About this task
Reproduce verbatim the lines of the material below, starting at the line with "Нижняя плата Samsung" and ending at the line with "Imagem 2: SOBRADO", both inclusive; skip the rest.

Dataset records

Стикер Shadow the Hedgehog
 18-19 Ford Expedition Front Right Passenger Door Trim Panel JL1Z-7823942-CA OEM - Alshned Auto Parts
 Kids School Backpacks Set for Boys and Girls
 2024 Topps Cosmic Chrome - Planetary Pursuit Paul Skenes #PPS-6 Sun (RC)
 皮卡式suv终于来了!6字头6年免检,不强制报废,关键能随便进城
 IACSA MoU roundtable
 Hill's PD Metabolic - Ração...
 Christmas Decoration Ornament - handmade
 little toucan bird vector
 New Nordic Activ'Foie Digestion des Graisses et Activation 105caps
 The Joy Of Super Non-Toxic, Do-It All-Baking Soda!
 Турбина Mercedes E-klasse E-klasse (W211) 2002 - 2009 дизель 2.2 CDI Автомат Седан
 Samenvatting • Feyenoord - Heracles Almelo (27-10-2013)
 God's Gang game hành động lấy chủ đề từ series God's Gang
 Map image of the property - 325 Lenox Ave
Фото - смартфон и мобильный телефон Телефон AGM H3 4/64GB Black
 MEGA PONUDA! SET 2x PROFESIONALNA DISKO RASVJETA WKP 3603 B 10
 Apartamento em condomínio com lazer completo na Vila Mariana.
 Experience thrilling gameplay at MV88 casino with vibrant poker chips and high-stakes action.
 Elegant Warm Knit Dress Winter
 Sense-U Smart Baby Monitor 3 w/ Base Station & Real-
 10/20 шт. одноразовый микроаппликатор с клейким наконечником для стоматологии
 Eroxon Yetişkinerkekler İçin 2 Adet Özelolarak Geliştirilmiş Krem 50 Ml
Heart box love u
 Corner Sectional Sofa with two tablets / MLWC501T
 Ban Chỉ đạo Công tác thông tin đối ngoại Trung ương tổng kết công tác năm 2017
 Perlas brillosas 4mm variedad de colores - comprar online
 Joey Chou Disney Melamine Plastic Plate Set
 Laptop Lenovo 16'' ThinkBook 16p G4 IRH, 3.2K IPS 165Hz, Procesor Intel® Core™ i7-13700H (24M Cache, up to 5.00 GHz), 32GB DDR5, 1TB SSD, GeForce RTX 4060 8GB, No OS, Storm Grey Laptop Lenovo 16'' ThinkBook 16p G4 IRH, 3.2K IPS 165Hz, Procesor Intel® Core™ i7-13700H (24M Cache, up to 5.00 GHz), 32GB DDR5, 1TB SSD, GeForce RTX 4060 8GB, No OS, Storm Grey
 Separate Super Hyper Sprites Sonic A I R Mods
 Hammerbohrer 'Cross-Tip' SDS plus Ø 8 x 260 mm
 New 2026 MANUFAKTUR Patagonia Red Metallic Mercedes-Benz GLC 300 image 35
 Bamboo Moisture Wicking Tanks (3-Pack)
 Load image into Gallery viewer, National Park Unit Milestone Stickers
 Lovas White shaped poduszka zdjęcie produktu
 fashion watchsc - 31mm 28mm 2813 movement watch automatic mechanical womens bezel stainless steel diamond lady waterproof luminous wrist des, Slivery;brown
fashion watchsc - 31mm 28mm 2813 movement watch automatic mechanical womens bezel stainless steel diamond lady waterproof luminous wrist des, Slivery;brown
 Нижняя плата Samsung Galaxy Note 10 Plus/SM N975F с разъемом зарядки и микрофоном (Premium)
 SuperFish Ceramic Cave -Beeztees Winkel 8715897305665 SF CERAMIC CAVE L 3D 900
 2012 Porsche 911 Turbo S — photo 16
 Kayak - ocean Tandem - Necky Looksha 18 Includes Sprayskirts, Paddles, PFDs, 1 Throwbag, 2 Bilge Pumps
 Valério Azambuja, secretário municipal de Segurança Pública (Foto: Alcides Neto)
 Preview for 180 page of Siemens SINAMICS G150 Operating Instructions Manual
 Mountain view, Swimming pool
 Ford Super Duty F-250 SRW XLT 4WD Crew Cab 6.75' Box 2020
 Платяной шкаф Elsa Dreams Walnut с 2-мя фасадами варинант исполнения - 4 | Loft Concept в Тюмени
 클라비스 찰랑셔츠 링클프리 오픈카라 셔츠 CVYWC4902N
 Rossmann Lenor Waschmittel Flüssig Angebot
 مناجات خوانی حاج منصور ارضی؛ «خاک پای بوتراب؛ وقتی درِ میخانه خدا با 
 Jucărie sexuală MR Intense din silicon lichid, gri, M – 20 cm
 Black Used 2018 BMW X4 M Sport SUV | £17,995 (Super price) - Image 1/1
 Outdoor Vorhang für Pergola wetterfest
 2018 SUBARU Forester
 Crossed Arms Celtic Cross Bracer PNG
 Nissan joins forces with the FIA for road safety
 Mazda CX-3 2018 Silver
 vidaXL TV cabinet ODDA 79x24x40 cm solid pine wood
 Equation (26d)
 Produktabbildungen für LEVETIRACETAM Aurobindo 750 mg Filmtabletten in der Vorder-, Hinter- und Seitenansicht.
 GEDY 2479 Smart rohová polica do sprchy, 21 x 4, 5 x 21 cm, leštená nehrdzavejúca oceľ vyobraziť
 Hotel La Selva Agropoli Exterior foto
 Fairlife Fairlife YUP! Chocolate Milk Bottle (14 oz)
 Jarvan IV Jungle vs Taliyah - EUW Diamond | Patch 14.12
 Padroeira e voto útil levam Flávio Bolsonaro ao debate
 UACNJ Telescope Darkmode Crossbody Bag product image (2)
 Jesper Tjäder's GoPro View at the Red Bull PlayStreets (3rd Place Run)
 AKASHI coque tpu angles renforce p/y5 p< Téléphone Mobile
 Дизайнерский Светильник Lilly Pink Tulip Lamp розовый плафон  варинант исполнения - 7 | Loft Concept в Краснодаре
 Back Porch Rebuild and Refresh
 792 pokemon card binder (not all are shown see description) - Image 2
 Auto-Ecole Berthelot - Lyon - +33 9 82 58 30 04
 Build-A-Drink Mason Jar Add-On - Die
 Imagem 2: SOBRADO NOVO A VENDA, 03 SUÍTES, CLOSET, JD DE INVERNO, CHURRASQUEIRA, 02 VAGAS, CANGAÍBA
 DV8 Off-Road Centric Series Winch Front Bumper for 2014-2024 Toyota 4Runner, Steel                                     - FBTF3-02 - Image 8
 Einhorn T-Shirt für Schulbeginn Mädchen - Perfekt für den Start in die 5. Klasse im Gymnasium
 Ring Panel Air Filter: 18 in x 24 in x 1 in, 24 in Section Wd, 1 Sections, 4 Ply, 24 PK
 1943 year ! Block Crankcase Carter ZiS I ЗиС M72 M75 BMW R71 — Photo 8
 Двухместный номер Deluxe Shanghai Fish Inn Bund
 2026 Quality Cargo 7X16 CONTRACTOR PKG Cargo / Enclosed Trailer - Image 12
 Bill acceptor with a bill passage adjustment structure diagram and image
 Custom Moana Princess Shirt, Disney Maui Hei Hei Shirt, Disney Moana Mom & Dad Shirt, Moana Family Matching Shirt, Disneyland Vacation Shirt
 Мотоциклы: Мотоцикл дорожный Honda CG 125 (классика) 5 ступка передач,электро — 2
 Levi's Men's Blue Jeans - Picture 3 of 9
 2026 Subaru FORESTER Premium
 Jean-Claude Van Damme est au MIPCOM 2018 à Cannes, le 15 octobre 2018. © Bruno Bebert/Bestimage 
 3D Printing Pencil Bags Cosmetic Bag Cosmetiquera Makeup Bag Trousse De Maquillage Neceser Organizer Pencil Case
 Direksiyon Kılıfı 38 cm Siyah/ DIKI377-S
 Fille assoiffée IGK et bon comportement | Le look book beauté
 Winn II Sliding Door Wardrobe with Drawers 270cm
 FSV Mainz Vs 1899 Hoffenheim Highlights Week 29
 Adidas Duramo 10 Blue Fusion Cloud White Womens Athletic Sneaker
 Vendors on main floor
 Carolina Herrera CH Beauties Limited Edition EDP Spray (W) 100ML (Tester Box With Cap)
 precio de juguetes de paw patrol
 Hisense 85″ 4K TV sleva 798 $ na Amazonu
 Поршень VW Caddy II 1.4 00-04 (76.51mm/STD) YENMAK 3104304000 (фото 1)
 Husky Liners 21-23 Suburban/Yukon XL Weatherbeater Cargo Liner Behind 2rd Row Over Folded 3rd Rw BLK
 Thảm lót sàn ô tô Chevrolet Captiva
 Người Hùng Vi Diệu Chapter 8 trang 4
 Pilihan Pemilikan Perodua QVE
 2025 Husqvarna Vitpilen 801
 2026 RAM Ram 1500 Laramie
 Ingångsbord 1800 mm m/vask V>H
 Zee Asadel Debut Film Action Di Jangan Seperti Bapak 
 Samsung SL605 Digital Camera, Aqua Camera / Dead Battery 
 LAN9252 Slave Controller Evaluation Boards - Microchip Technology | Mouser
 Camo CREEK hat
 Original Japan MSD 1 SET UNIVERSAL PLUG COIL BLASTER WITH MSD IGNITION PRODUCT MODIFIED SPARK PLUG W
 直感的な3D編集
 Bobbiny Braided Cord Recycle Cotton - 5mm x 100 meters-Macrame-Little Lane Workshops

Final answer
 Нижняя плата Samsung Galaxy Note 10 Plus/SM N975F с разъемом зарядки и микрофоном (Premium)
 SuperFish Ceramic Cave -Beeztees Winkel 8715897305665 SF CERAMIC CAVE L 3D 900
 2012 Porsche 911 Turbo S — photo 16
 Kayak - ocean Tandem - Necky Looksha 18 Includes Sprayskirts, Paddles, PFDs, 1 Throwbag, 2 Bilge Pumps
 Valério Azambuja, secretário municipal de Segurança Pública (Foto: Alcides Neto)
 Preview for 180 page of Siemens SINAMICS G150 Operating Instructions Manual
 Mountain view, Swimming pool
 Ford Super Duty F-250 SRW XLT 4WD Crew Cab 6.75' Box 2020
 Платяной шкаф Elsa Dreams Walnut с 2-мя фасадами варинант исполнения - 4 | Loft Concept в Тюмени
 클라비스 찰랑셔츠 링클프리 오픈카라 셔츠 CVYWC4902N
 Rossmann Lenor Waschmittel Flüssig Angebot
 مناجات خوانی حاج منصور ارضی؛ «خاک پای بوتراب؛ وقتی درِ میخانه خدا با 
 Jucărie sexuală MR Intense din silicon lichid, gri, M – 20 cm
 Black Used 2018 BMW X4 M Sport SUV | £17,995 (Super price) - Image 1/1
 Outdoor Vorhang für Pergola wetterfest
 2018 SUBARU Forester
 Crossed Arms Celtic Cross Bracer PNG
 Nissan joins forces with the FIA for road safety
 Mazda CX-3 2018 Silver
 vidaXL TV cabinet ODDA 79x24x40 cm solid pine wood
 Equation (26d)
 Produktabbildungen für LEVETIRACETAM Aurobindo 750 mg Filmtabletten in der Vorder-, Hinter- und Seitenansicht.
 GEDY 2479 Smart rohová polica do sprchy, 21 x 4, 5 x 21 cm, leštená nehrdzavejúca oceľ vyobraziť
 Hotel La Selva Agropoli Exterior foto
 Fairlife Fairlife YUP! Chocolate Milk Bottle (14 oz)
 Jarvan IV Jungle vs Taliyah - EUW Diamond | Patch 14.12
 Padroeira e voto útil levam Flávio Bolsonaro ao debate
 UACNJ Telescope Darkmode Crossbody Bag product image (2)
 Jesper Tjäder's GoPro View at the Red Bull PlayStreets (3rd Place Run)
 AKASHI coque tpu angles renforce p/y5 p< Téléphone Mobile
 Дизайнерский Светильник Lilly Pink Tulip Lamp розовый плафон  варинант исполнения - 7 | Loft Concept в Краснодаре
 Back Porch Rebuild and Refresh
 792 pokemon card binder (not all are shown see description) - Image 2
 Auto-Ecole Berthelot - Lyon - +33 9 82 58 30 04
 Build-A-Drink Mason Jar Add-On - Die
 Imagem 2: SOBRADO NOVO A VENDA, 03 SUÍTES, CLOSET, JD DE INVERNO, CHURRASQUEIRA, 02 VAGAS, CANGAÍBA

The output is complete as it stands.